Your answer must be an exact copy of the entries below, with no pictures in it.

Caption-style text data
*** Block opens ***
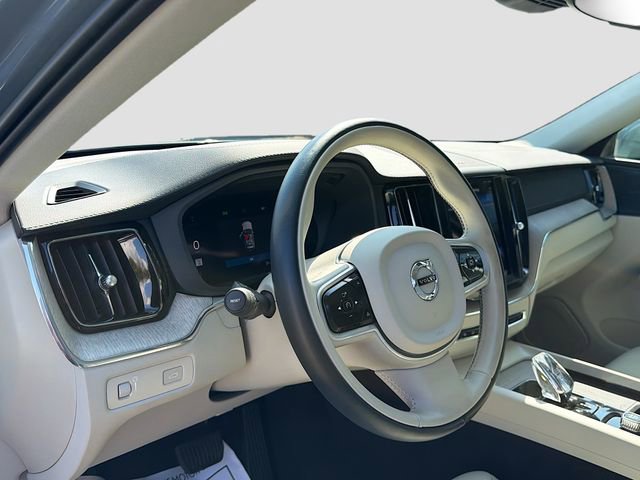 Used 2022 Volvo XC60 B6 Inscription w/ Advanced Package image 26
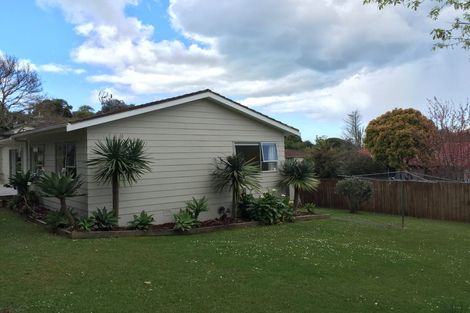 Photo of property in 8 Cottam Grove, Northcross, Auckland, 0632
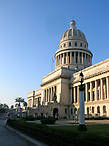 Капитолий в Гаване — больше Вашингтонского!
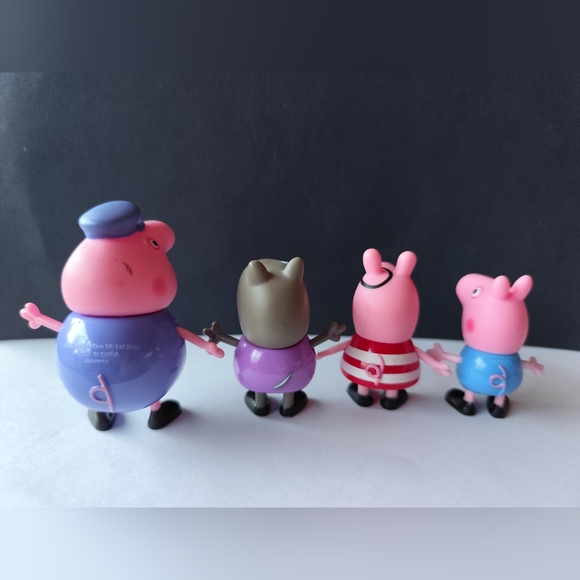 4/$50⭐️Peppa Pig family and friends figurines lot of 4 - Picture 3 of 9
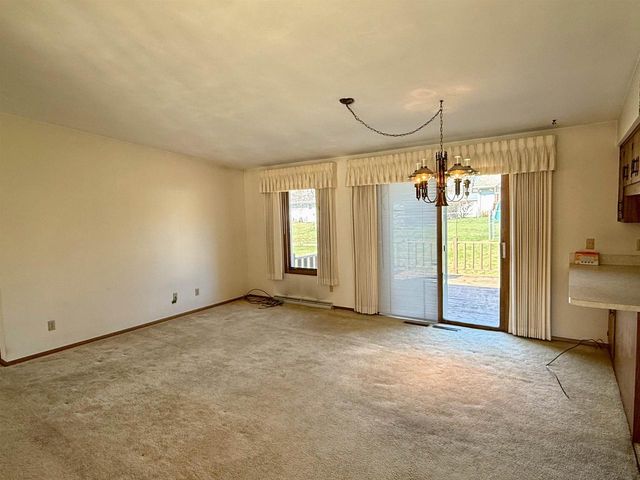 1315 WEDGEWOOD LANE, Neenah, WI 54956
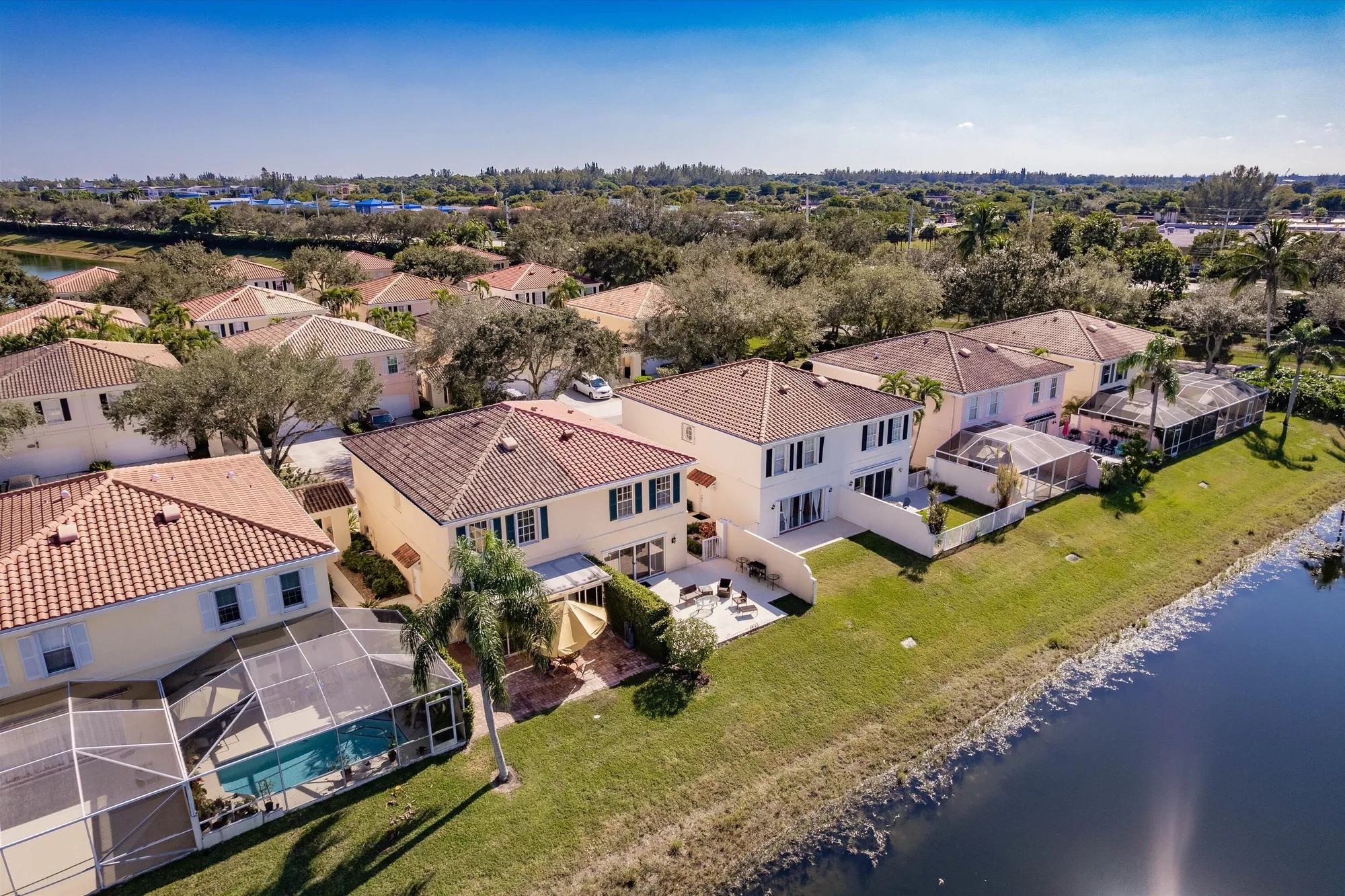 Property Slideshow image 38 of 41 | 2069 tarpon lake way, West Palm Beach, FL, 33411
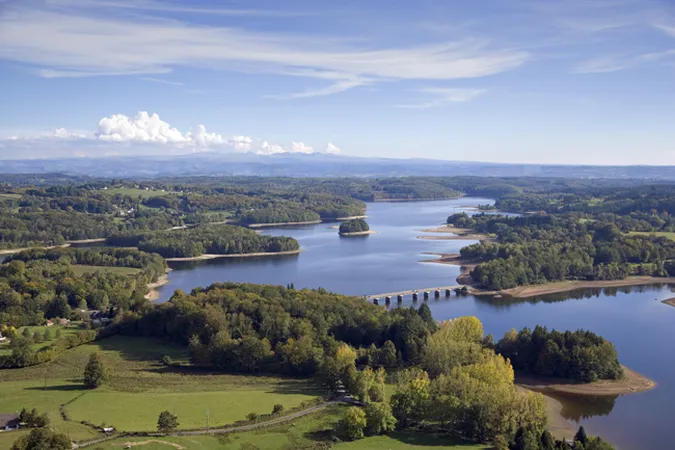 Lac de la Triouzoune - côté Liginiac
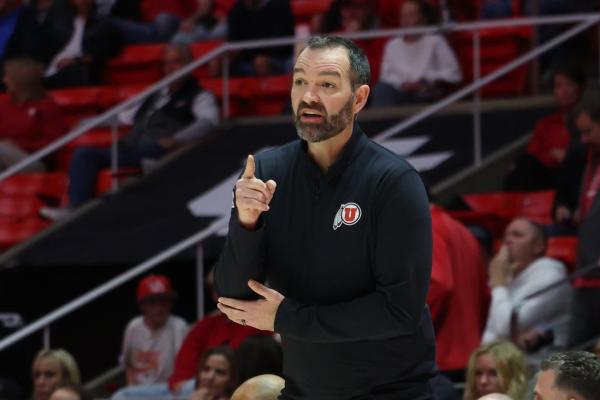 Utah keeps Holy Cross close, pulls away late on efficient night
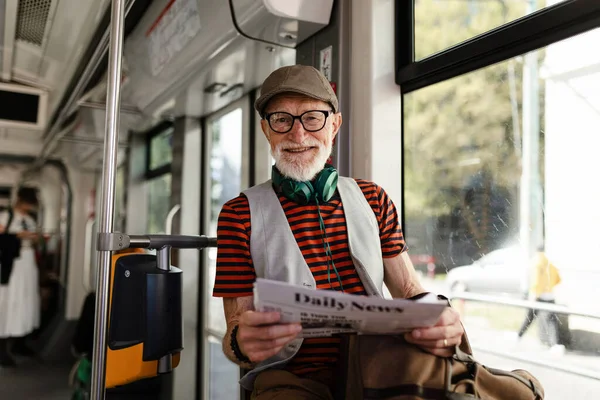 Starszy Mężczyzna Podróżujący Autobusem Przez Miasto Czytający Gazetę Starszy Miejski — Zdjęcie stockowe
*** Block closes ***
Worked solution
 Used 2022 Volvo XC60 B6 Inscription w/ Advanced Package image 26
 Photo of property in 8 Cottam Grove, Northcross, Auckland, 0632
 Капитолий в Гаване — больше Вашингтонского!
 4/$50⭐️Peppa Pig family and friends figurines lot of 4 - Picture 3 of 9
 1315 WEDGEWOOD LANE, Neenah, WI 54956
 Property Slideshow image 38 of 41 | 2069 tarpon lake way, West Palm Beach, FL, 33411
 Lac de la Triouzoune - côté Liginiac
 Utah keeps Holy Cross close, pulls away late on efficient night
 Starszy Mężczyzna Podróżujący Autobusem Przez Miasto Czytający Gazetę Starszy Miejski — Zdjęcie stockowe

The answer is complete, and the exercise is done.